How a computer malfunction lead to work that symbolizes Yemen
When a power cut and a computer malfunction caused Yemeni photographer Arif Al Nomay to lose years of work, he anxiously hunted for anything that might still be there. To his surprise, a set of photos taken at a Summer Festival in his country’s capital had survived, but they had been altered, their colors skewed and the details hard to distinguish. Since the festival took place the year before Yemen descended into war, the series would become a symbol for the pieces of everyday life that were lost as a result.
In 2014 Arif Al Nomay traveled with his camera to a park called The Seventy in Sanaa, the capital city of his home country of Yemen. He had been hired to take photographs at an annual festival, a celebration of the heritage that characterizes many of the country’s different regions.
Soon after that day, a power failure caused a malfunction in his computer’s operating system, and the photo files were corrupted. What was left was a selection of glitch-ridden pictures, with the jubilant scenes from the festival covered and distorted by blocks of color and stray pixels. The following year, civil conflict erupted across Yemen, and Arif’s series would subsequently become a symbol for what had been lost with the outbreak of war.
“Sanaa’s summer festival included every kind of cultural activity you can imagine,” Arif says. “Folkloric dances, traditional songs, puppet theaters… even showjumping for camels!” It’s hard to see exactly what’s going on in his photographs, but if you look closely you can just make out a few things. Bunting hangs between buildings beneath a backdrop of blue skies; Children smile in traditional dress; musicians play their impressively-decorated instruments and inflatable cartoon characters tower over the whole scene. “No one can deny the happiness on the faces of the people who were there,” Arif recalls.

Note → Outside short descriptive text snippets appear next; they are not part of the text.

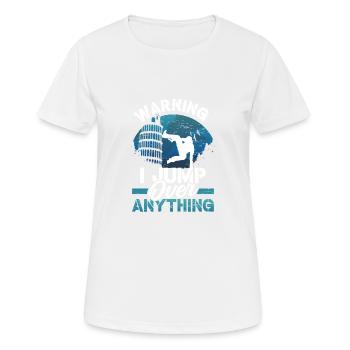 Run Jump Flip Freerunning Acrobatic Parkour - Women's Breathable T-Shirt - white - Front - AI Model Female 172 dark (172cm)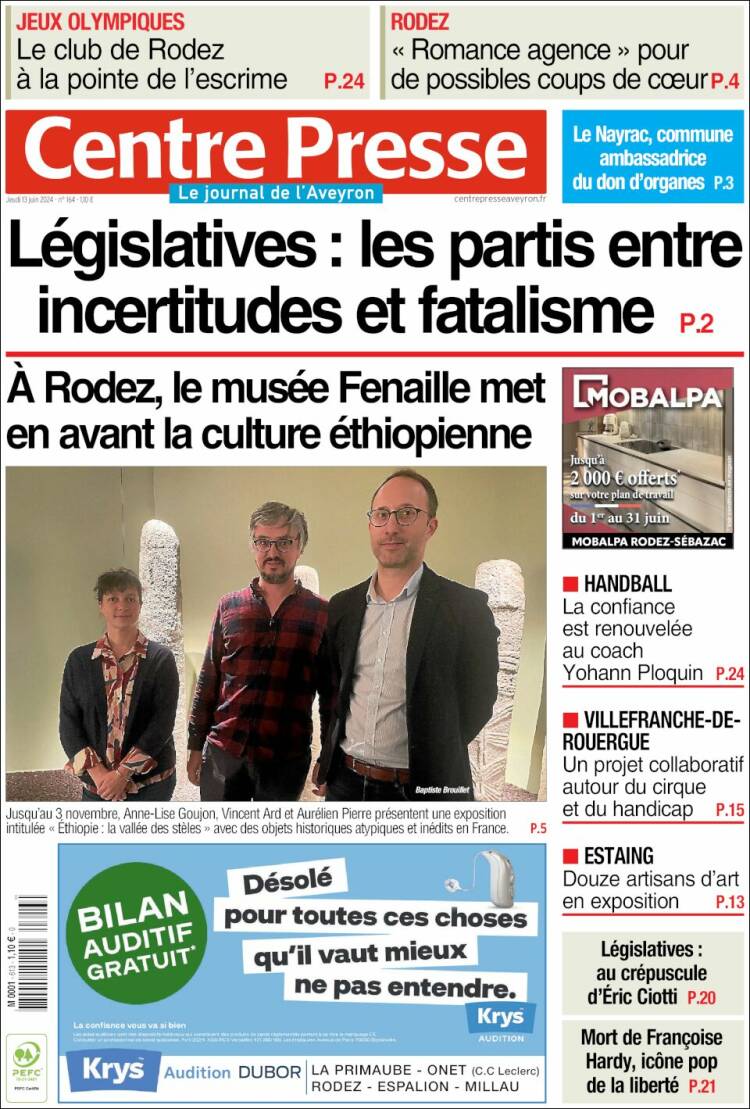 Portada de Centre Presse (Francia)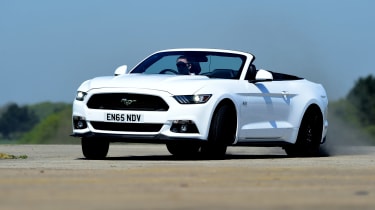 Convertible megatest - Ford Mustang - front cornering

It was like any other day for Arif, as he’s spent much of his life behind the camera. At 19, he obtained his first passport and went to work in Saudi Arabia where his grandfather ran the Abha Photo Lab. “It was there, under my grandfather’s tutelage, that I learned about photography, analogue printing and coloring,” he says. “The sound of the camera shutter and the way the images would slowly appear in our dark room were like magic to me.”
Photos had already played a major part in his childhood. Arif’s dad was working in Saudi Arabia and would send money back to support his family and could only write letters or record cassettes to communicate with them. “I remember the first photo of me, taken with a Kodak instant camera,” he says. “It was sent to my father. He saw a photo of me before he saw the real me.” Arif now lives in Riyadh, the Saudi capital, and follows in his father’s footsteps by supporting his own family back in Yemen.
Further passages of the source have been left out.